Les premiers mois de la guerre sont ainsi marqués par un durcissement de la réglementation pesant sur les sujets ressortissants allemands dans le département stratégiquement important des Vosges. Les Allemands de sang, définis comme tels, sont visés par des procédures spéciales et une surveillance oppressante.

L'origine alsacienne-lorraine fait aussi l'objet d'une définition stricte : il faut être né en Alsace-Lorraine de deux parents qui y sont eux-mêmes nés. Celles et ceux qui ne remplissent pas cette condition primordiale ne peuvent pas songer au retour dans leur localité d'origine avant la fin de la guerre. Par ailleurs, cette éventualité dépend du bon vouloir des autorités locales, civiles ou militaires281. La situation de l'Alsacien-Lorrain installé en France avant-guerre, mais nonnaturalisé, ne semble donc finalement guère plus enviable que celle de l'évacué des zones reconquises. Il est susceptible d'être soumis, selon le bon vouloir de telle ou telle autorités, à l'évacuation de zones considérées comme stratégiques ou sensibles. Si, par malheur, il est fiché, comme élément « douteux », « suspect », « indésirable », « germanophile », il n'a alors aucune chance d'échapper au filet que constitue le réseau internemental français282.

281 H. Mauran, op. cit., p. 443.

282 Ibid.

Chapitre 3 - 1915 ou l'accroissement des contraintes des étrangers.

A partir de l'hiver 1914, les Vosges est traversé par une ligne de front au niveau de l'arrondissement de Saint-Dié qui le divise en deux parties d'importance inégale : 25 communes du nord dont Senones resteront sous domination allemande durant quatre ans283. Le département comporte un espace dans la zone des armées, territoire de la VIIe Armée en l'occurrence, qui fait l'objet d'une réglementation spécifique. Chaque sommet ou chaque col devient alors l'enjeu d'une lutte sans merci, dans laquelle chasseurs alpins et Poilus ont paient un très lourd tribu. Des combats durs sont lieu pour la reprise du Violu, du Spitzemberg, de la Fontenelle et sur la crête des Vosges de 1915 à 1916.

Quelques mois après le début de la guerre, les autorités civiles et militaires nationales et locales s'emploient à accroître la surveillance des étrangers pour des raisons de défense nationale, notamment les étrangers « ennemis ». Le 2 février 1915 le ministre de l'Intérieur Louis Malvy invite ainsi les préfets à procéder sans délai à la révision des permis de séjour accordés et à retirer tous ceux indûment délivrés dont les détenteurs devront suivant la situation être évacués sur le camp de concentration le plus proche ou être signalés en vue de rapatriement sur la Suisse284.

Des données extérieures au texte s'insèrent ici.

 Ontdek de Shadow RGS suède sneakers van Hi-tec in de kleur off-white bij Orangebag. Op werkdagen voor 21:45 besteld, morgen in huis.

Pendant la Grande Guerre, l'état de siège permet l'internement des personnes jugées dangereuses pour la sécurité du pays. L'administration et la gestion de l'internement dépendent du ministère de l'Intérieur. Le préfet, relais de l'Etat dans le département, joue un rôle prépondérant dans la direction et la gestion des camps qui sont territorialement de sont ressort285. Pourtant dans les statistiques vosgiennes de recensement ne sont signalés ni dépôts d'Austro-Hongrois, ni dépôts d'Alsaciens-Lorrains, ni non plus de simples centres de regroupement d'Alsaciens-Lorrains au 15 janvier 1915286. Comme on le verra la réalité est différente mais elle est dissimulée au maximum dans les bulletins officiels.

Par ailleurs, le rythme des acquisitions de la nationalité française s'effondre pendant la Grande Guerre : 700 pour toute la durée du conflit contre 3 447 en 1913 et 4 029 en 1912. Parallèlement, l'attitude de l'administration se durcit à l'égard des naturalisés : la loi du 7 avril 1915 correspond à un projet de dénaturalisation. Cette loi concerne les anciens sujets des puissances ennemies, Allemagne, Autriche-Hongrie, Empire ottoman, mais entraîne la suspicion envers leurs minorités, Polonais, Slovaques, Tchèques, Slovènes287.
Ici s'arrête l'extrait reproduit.